TITLE

The long-term outcome of HIV-infected patients after intensive care admission

AUTHOR(S)
Foo, H.; Clezy, K.; Post, J. J.
PUB. DATE
June 2012
SOURCE
International Journal of STD & AIDS;Jun2012, Vol. 23 Issue 6, pe4
SOURCE TYPE
Academic Journal
DOC. TYPE
Article
ABSTRACT
Long-term outcomes of HIV-infected patients admitted to the intensive care unit (ICU) since the advent of combination antiretroviral therapy (cART) have not been well described.
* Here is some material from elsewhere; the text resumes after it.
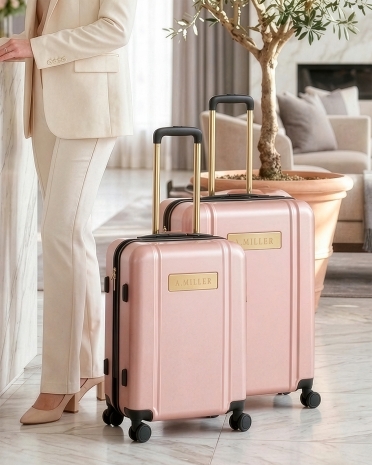 Vaaleanpunainen matkalaukku ja käsimatkatavaralaukku, joissa on kaiverrettu nimi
We reviewed the long-term outcomes and clinical follow-up of HIVinfected patients admitted to the Prince of Wales Hospital ICU between 1999 and 2005 by a retrospective medical record review. Mortality was assessed in the ICU, in hospital and in the long-term. Twenty-four HIV-infected male patients underwent 26 ICU admissions. Their ICU and in-hospital mortalities were 33% and 46%, respectively. Higher APACHE (acute physiology and chronic health evaluation) II scores (median 27 versus 12, P < 0.001), lower CD4 cell counts (median 45 versus 335 cells/μL, P = 0.041) and longer hospitalization times prior to ICU admission (median 4 versus 1 day, P = 0.02) were significantly associated with in-hospital mortality. We found 85% of the subjects who survived hospital admission were still alive at a median of 41 months (4 months to 5 years) of follow-up, all of who were functionally independent. HIV-infected patients who survived ICU admission at our institution had good long-term outcomes in the cART era.